Ergänzt werden die Aussagen der Betroffenen durch die Einschätzungen verschiedener Expertinnen und Experten. Die Sozialpädagogin und psychotherapeutische Heilpraktikerin Yansa Schnitzler sowie der medizinische Psychotherapeut Dr. Harald Schickedanz erklären, wie sich schwere Traumata entwickeln und welche psychischen Folgen sich daraus ergeben. Darüber hinaus schildern die Anwälte Rudolf von Bracken und Ellen Engel ihre Erfahrungen aus der juristischen Aufarbeitung solcher Fälle. Auch wenn diese Einblicke aufschlussreich sind, konzentrieren sie sich in weiten Teilen ebenfalls auf den Aspekt der rituellen Gewalt. Dadurch entsteht der Eindruck, es gäbe weitreichende, organisierte Strukturen, die hinter solchen Missbrauchstaten stehen.
Fragwürdiges Narrativ
Und genau hier liegt die größte Schwäche des Films. Zwar wird immer wieder behauptet, dass es organisierte Strukturen rituellen Kindesmissbrauchs gebe, doch weder der Film liefert hierfür belastbare Belege, noch konnten solche Strukturen bisher von Ermittlungsbehörden aufgedeckt werden. Natürlich lässt sich dies – wie es Verschwörungstheoretiker tun – mit einer angeblichen staatlichen Vertuschung erklären. Der Film verweist zudem auf die Schwierigkeit, dass Aussagen von Menschen mit dissoziativen Identitätsstörungen oft nicht gerichtlich verwertbar sind. Dennoch bleibt der Umstand bestehen, dass trotz intensiver Ermittlungen keine Beweise für organisierte Netzwerke ritueller Gewalt gefunden wurden, wie auch der renommierte Profiler Axel Petermann im Film festhält.

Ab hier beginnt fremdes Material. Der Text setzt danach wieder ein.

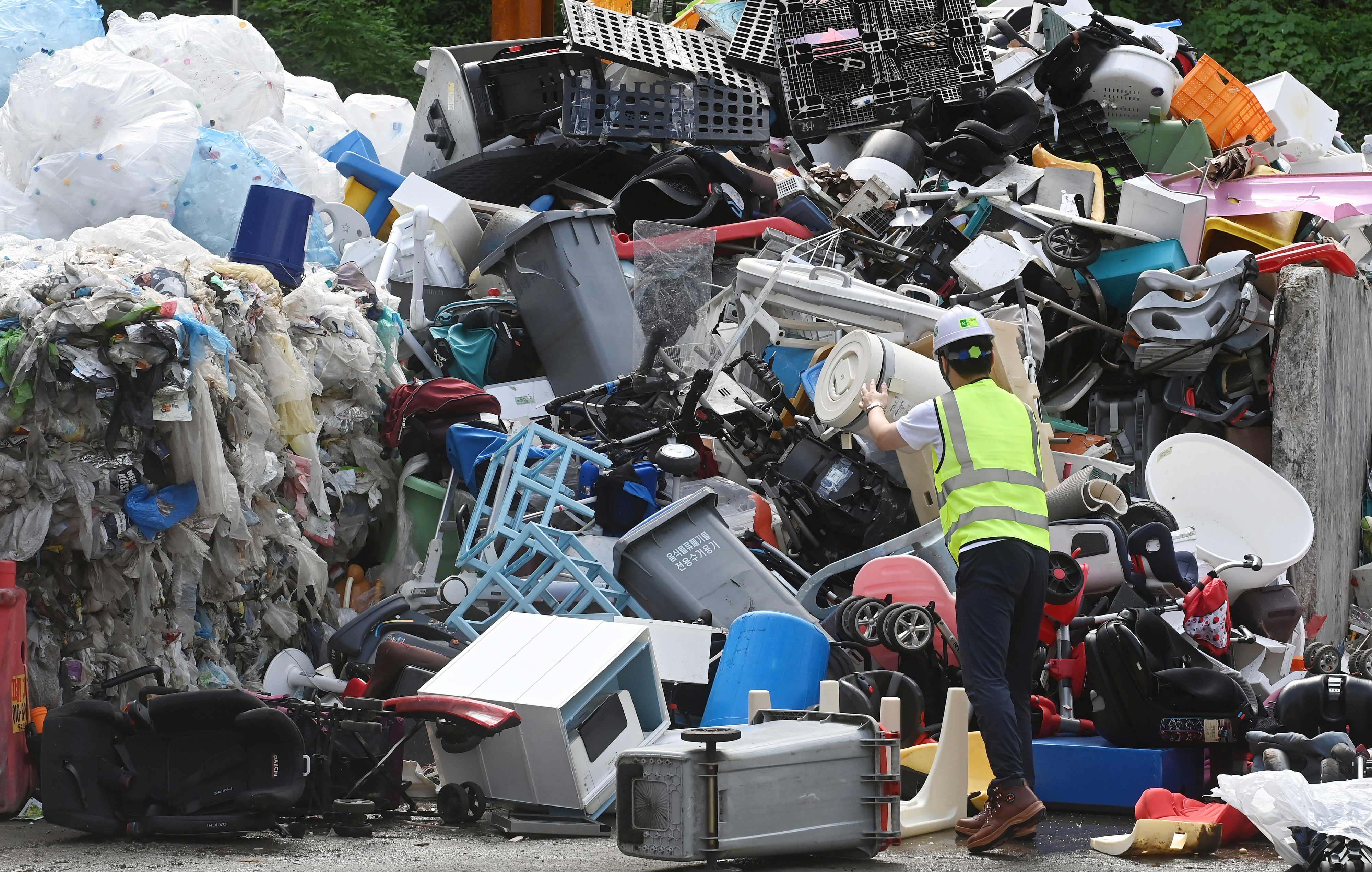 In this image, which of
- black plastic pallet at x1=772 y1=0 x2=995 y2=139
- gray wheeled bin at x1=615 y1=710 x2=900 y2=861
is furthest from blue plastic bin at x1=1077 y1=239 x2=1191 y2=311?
gray wheeled bin at x1=615 y1=710 x2=900 y2=861

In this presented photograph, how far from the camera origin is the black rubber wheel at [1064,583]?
484 cm

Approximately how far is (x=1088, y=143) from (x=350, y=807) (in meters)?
6.96

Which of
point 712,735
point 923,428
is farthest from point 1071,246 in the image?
point 712,735

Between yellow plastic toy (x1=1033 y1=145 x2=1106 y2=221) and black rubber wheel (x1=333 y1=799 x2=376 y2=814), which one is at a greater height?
yellow plastic toy (x1=1033 y1=145 x2=1106 y2=221)

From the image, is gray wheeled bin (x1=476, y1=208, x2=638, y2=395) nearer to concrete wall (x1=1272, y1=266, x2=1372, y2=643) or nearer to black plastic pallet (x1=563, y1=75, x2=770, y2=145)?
black plastic pallet (x1=563, y1=75, x2=770, y2=145)

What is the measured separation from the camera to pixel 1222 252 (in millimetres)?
8008

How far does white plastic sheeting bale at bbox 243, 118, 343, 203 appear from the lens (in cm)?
750

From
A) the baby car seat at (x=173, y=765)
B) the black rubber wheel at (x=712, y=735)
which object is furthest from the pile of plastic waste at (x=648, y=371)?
the baby car seat at (x=173, y=765)

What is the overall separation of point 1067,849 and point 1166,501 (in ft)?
9.45

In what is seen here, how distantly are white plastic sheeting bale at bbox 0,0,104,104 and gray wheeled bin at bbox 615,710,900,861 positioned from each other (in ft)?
18.8

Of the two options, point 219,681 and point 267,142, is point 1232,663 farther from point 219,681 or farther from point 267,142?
point 267,142

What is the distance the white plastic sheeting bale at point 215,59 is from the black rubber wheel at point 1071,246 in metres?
4.36

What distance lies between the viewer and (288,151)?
7.60 meters

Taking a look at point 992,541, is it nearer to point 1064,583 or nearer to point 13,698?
point 1064,583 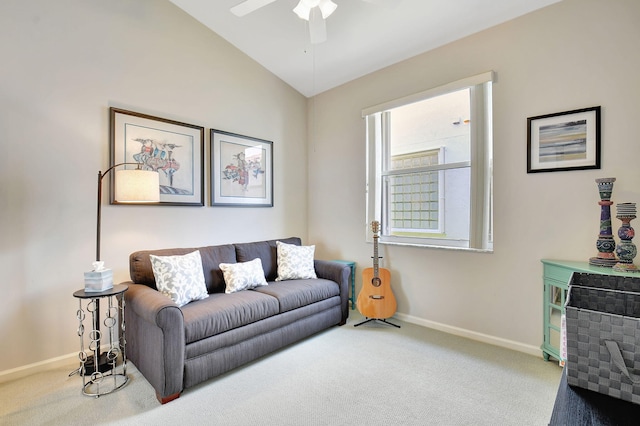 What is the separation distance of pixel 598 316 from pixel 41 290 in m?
3.26

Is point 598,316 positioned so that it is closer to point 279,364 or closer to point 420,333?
point 279,364

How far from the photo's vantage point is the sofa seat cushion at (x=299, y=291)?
2.76 m

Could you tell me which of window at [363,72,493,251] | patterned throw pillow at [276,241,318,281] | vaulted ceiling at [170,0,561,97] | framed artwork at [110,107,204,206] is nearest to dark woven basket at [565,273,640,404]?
vaulted ceiling at [170,0,561,97]

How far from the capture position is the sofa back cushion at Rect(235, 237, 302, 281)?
3264 millimetres

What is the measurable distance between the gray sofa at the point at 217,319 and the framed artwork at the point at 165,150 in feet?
2.06

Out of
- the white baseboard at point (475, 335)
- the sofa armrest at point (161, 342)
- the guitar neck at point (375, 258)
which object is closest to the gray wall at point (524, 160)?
the white baseboard at point (475, 335)

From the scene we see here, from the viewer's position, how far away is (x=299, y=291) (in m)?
2.90

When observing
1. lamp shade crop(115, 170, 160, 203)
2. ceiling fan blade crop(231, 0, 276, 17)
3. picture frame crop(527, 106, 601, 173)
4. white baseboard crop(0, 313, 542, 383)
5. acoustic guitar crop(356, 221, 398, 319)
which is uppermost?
ceiling fan blade crop(231, 0, 276, 17)

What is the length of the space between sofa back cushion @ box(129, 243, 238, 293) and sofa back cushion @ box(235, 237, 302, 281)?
8 centimetres

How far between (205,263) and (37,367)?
1.40 m

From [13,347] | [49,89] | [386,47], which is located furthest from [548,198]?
[13,347]

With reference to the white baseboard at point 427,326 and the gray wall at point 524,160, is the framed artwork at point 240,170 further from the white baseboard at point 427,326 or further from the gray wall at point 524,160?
the white baseboard at point 427,326

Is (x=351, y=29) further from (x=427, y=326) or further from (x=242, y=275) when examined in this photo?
(x=427, y=326)

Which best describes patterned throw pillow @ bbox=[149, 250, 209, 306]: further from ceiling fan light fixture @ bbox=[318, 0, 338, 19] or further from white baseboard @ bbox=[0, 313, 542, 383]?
ceiling fan light fixture @ bbox=[318, 0, 338, 19] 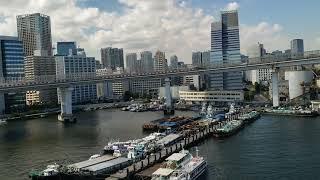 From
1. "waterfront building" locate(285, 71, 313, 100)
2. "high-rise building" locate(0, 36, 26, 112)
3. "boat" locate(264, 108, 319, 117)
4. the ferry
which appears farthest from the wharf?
"high-rise building" locate(0, 36, 26, 112)

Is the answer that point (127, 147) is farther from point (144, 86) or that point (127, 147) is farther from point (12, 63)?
point (144, 86)

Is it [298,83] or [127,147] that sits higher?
[298,83]

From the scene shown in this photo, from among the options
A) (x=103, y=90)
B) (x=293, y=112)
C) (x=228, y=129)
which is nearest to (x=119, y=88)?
(x=103, y=90)

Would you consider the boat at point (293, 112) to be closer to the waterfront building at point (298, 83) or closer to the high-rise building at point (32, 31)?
the waterfront building at point (298, 83)

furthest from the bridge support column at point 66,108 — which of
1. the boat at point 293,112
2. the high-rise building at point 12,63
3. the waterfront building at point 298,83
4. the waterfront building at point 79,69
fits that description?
the waterfront building at point 79,69

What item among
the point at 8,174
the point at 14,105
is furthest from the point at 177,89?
the point at 8,174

So trifft der Kinderarzt Dr. Andreas Krüger mit seiner Aussage in den ersten Minuten des Films vermutlich den Kern: „Ritualisiert ist sexuelle Gewalt eigentlich immer ein Stück, wenn sie regelmäßig passiert.“ Ob es die von Blinder Fleck suggerierten Strukturen tatsächlich gibt, bleibt offen. Problematisch ist jedoch, dass der Film durch seine einseitige Fokussierung auf diese Form des Missbrauchs den Blick vom eigentlichen Thema – sexualisierte Gewalt an Kindern – ablenkt. Damit verschenkt er die Chance, das Leid der Opfer in den Mittelpunkt zu stellen. Stattdessen wird es in einem fragwürdigen Narrativ eingebettet, das in Teilen mehr an Verschwörungsmythen erinnert als an fundierte Aufarbeitung. So droht das zentrale Anliegen des Films – den Betroffenen eine Stimme zu geben – aus dem Fokus zu geraten.